• [What you have to do] Repeat the data exactly. Pictures stay out.

Pictures with short captions:
--- --- ---
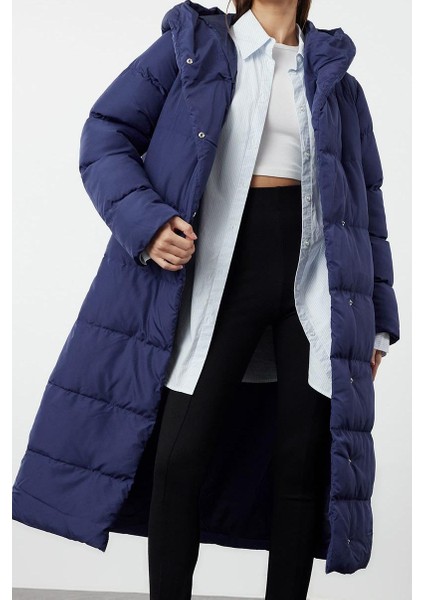 Kadın Moda Regular Kapüşonlu Yaka Uzun Astarlı Yandan Çıtçıtlı Su Itici Kışlık Kapitone Şişme Mont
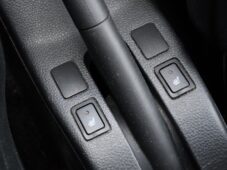 Suzuki SX4 1.6i VYHŘ.SEDAČKY AUT.AC TAŽNÉ - 25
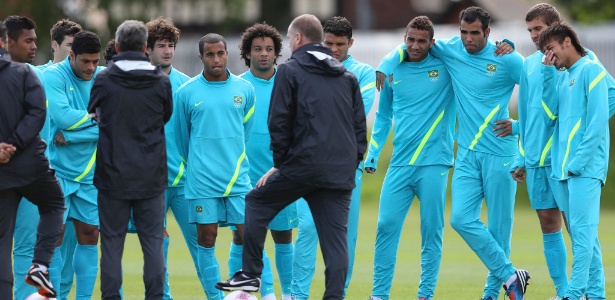 Técnico Mano Menezes conversa com os jogadores do Brasil durante treino realizado em Manchester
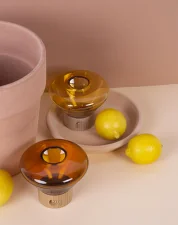 Svícen Muffins, amber / oak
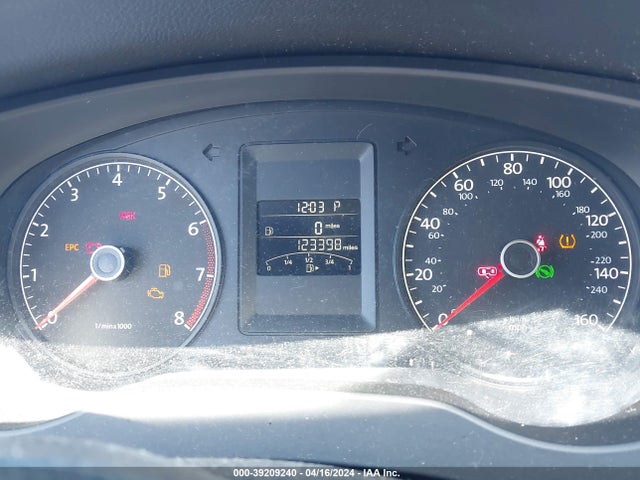 3VW2K7AJ4EM368640 Volkswagen Jetta 2.0l S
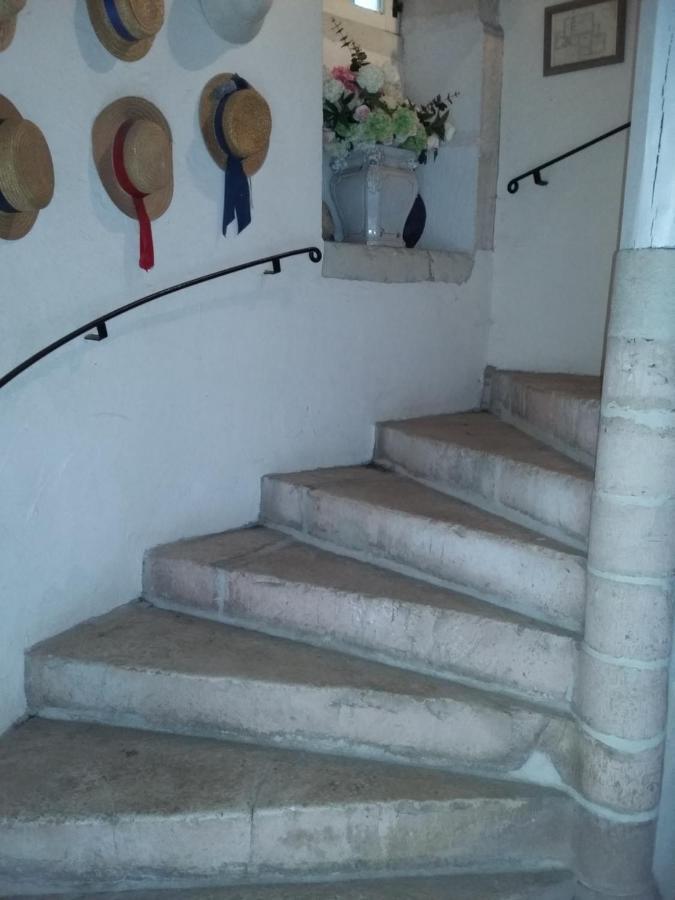 Bed and Breakfast Chez Zaza Stigny Екстер'єр фото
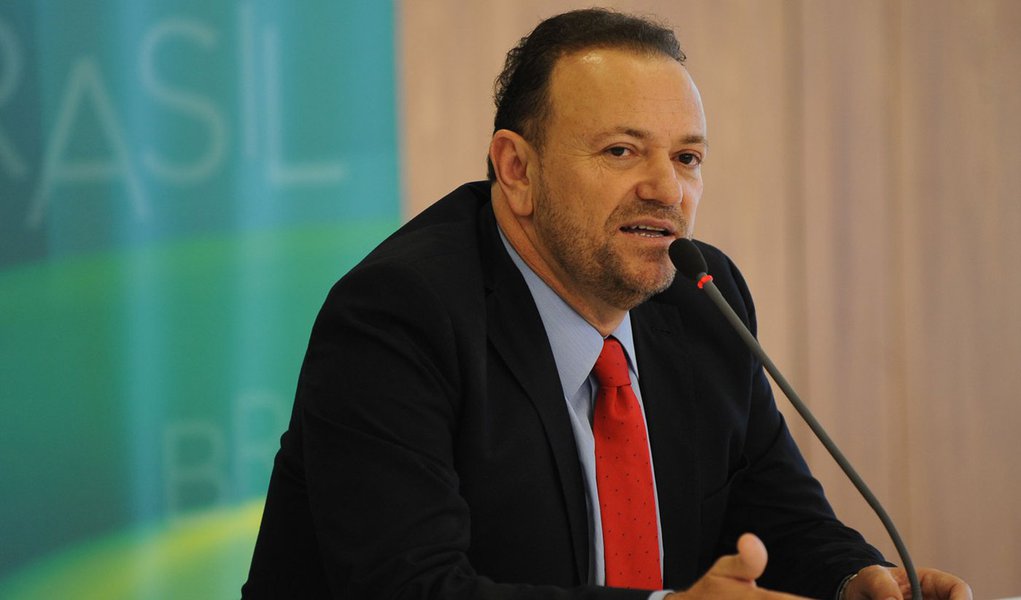 O novo ministro-chefe da Secretaria de Comunicação Social da Presidência da República, Edinho Silva, durante coletiva após cerimônia de posse, no Palácio do Planalto (José Cruz/Agência Brasil) (Foto: Leonardo Attuch) O novo ministro-chefe da Secretaria de Comunicação Social da Presidência da República, Edinho Silva, durante coletiva após cerimônia de posse, no Palácio do Planalto (José Cruz/Agência Brasil)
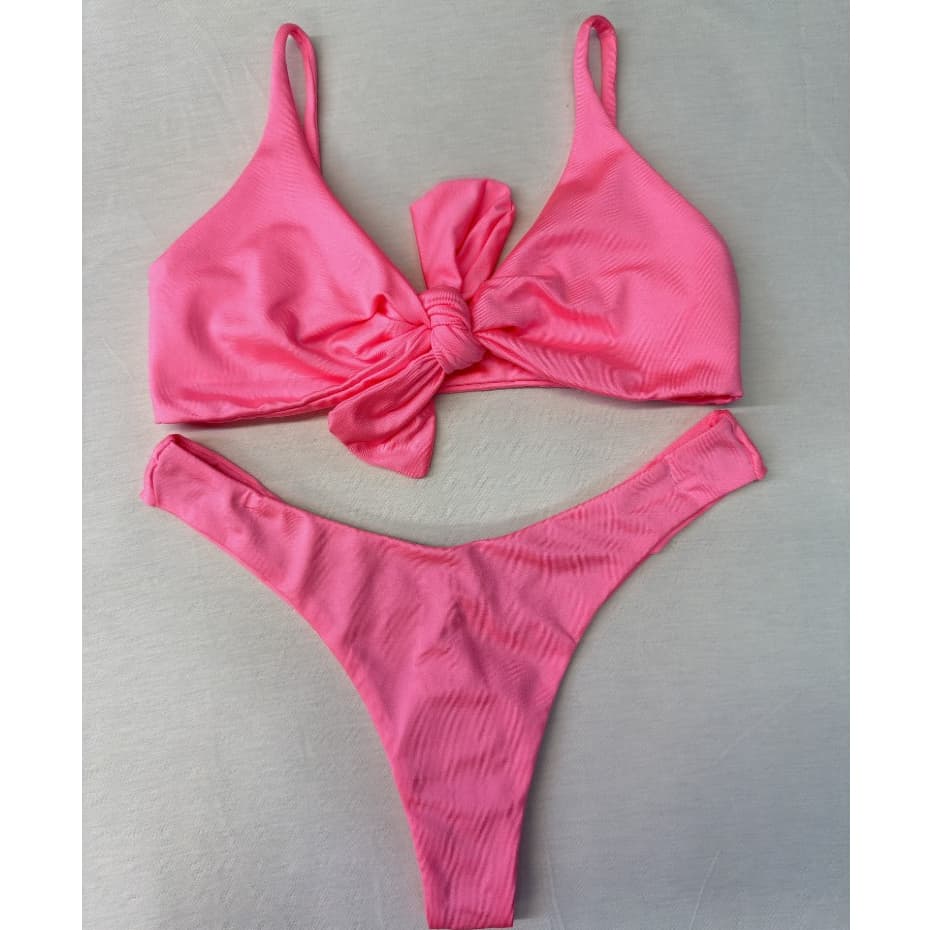Biquíni Rosa Neon Com Laço Frontal e Calcinha Asa Delta - Tendência Verão 2026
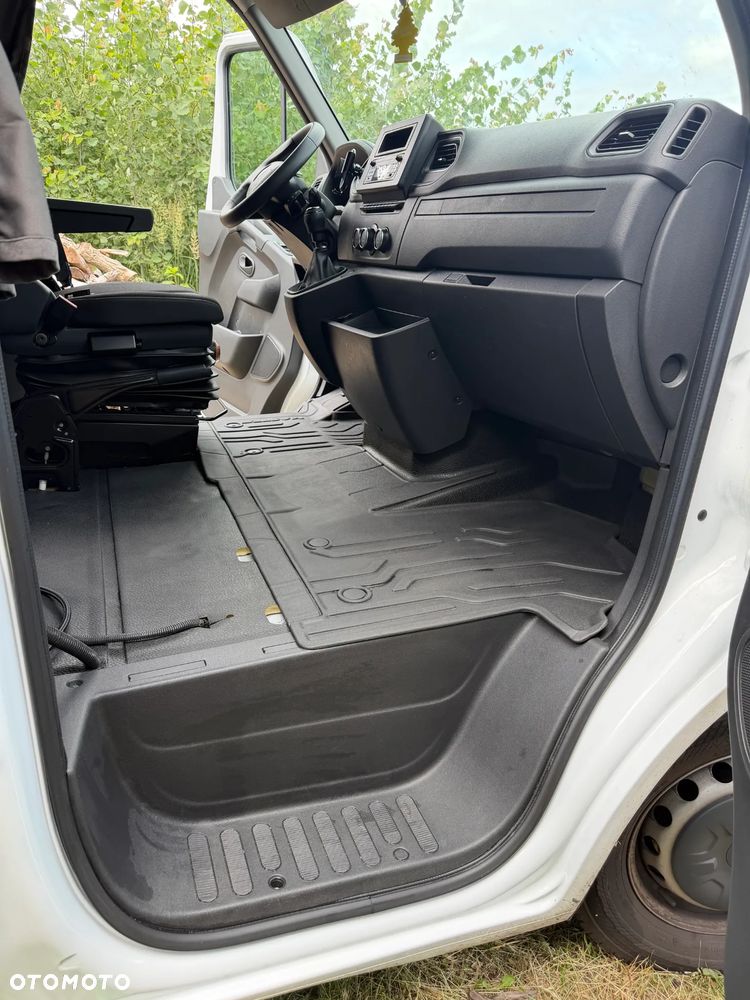 Renault Master - 15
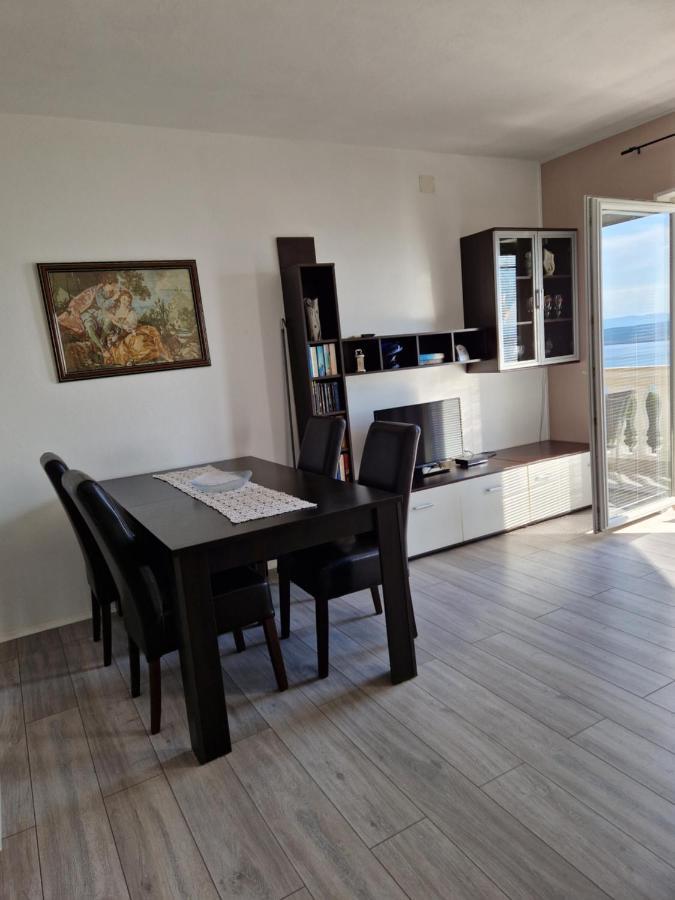 Apartments Velic Crikvenica Exterior foto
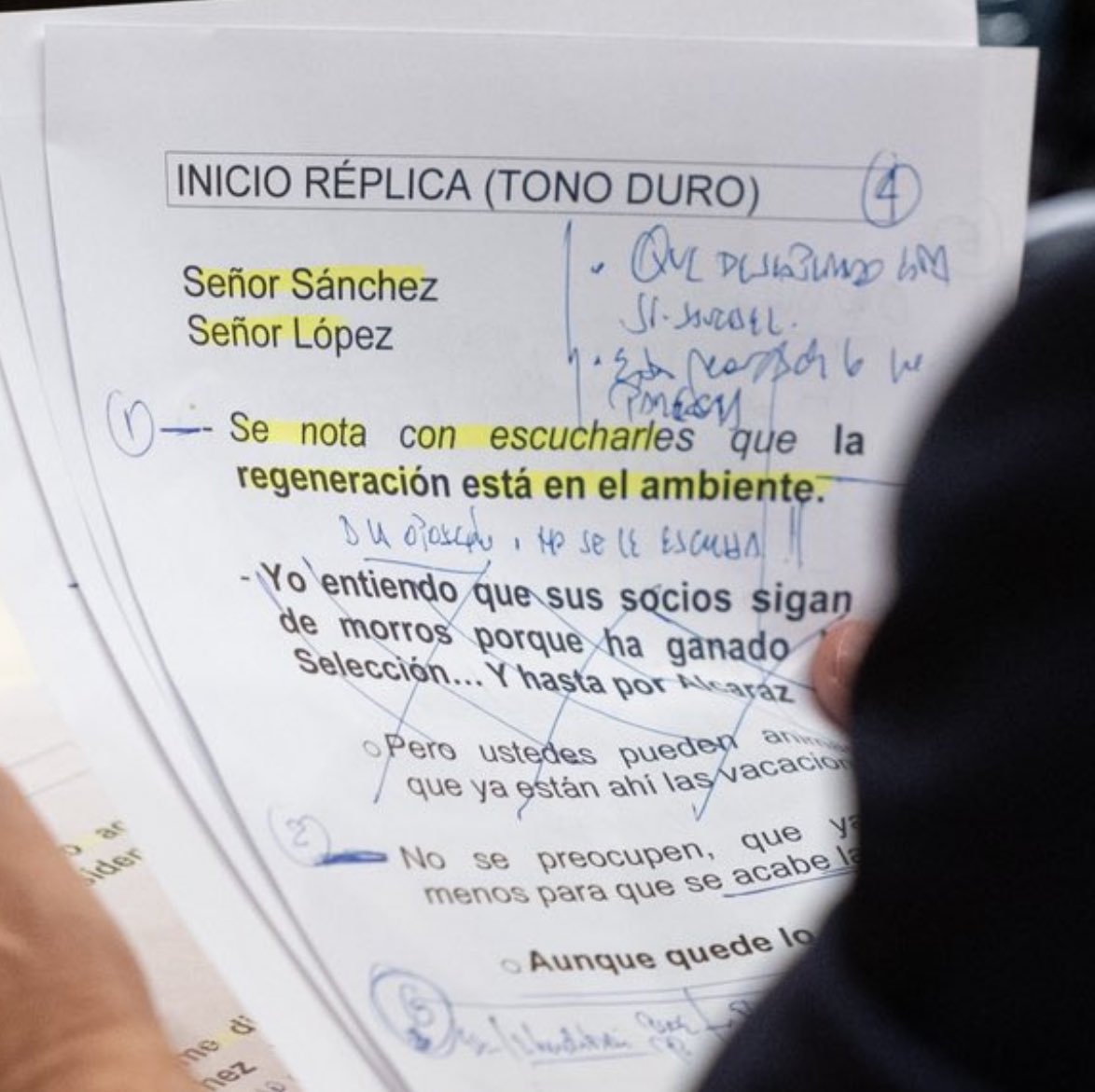 ierrejon's tweet photo. Supongo que para el corte en el informativo o en tuiter da igual. Pero esto de llevar escritas las réplicas y leerlas con independencia de lo que el otro haya dicho me ha parecido siempre una muestra de mediocridad parlamentaria. https://t.co/zjKJqL0RV7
--- --- ---
• [Solution to this exercise]
 Kadın Moda Regular Kapüşonlu Yaka Uzun Astarlı Yandan Çıtçıtlı Su Itici Kışlık Kapitone Şişme Mont
 Suzuki SX4 1.6i VYHŘ.SEDAČKY AUT.AC TAŽNÉ - 25
 Técnico Mano Menezes conversa com os jogadores do Brasil durante treino realizado em Manchester
 Svícen Muffins, amber / oak
 3VW2K7AJ4EM368640 Volkswagen Jetta 2.0l S
 Bed and Breakfast Chez Zaza Stigny Екстер'єр фото
 O novo ministro-chefe da Secretaria de Comunicação Social da Presidência da República, Edinho Silva, durante coletiva após cerimônia de posse, no Palácio do Planalto (José Cruz/Agência Brasil) (Foto: Leonardo Attuch) O novo ministro-chefe da Secretaria de Comunicação Social da Presidência da República, Edinho Silva, durante coletiva após cerimônia de posse, no Palácio do Planalto (José Cruz/Agência Brasil)
Biquíni Rosa Neon Com Laço Frontal e Calcinha Asa Delta - Tendência Verão 2026
 Renault Master - 15
 Apartments Velic Crikvenica Exterior foto
 ierrejon's tweet photo. Supongo que para el corte en el informativo o en tuiter da igual. Pero esto de llevar escritas las réplicas y leerlas con independencia de lo que el otro haya dicho me ha parecido siempre una muestra de mediocridad parlamentaria. https://t.co/zjKJqL0RV7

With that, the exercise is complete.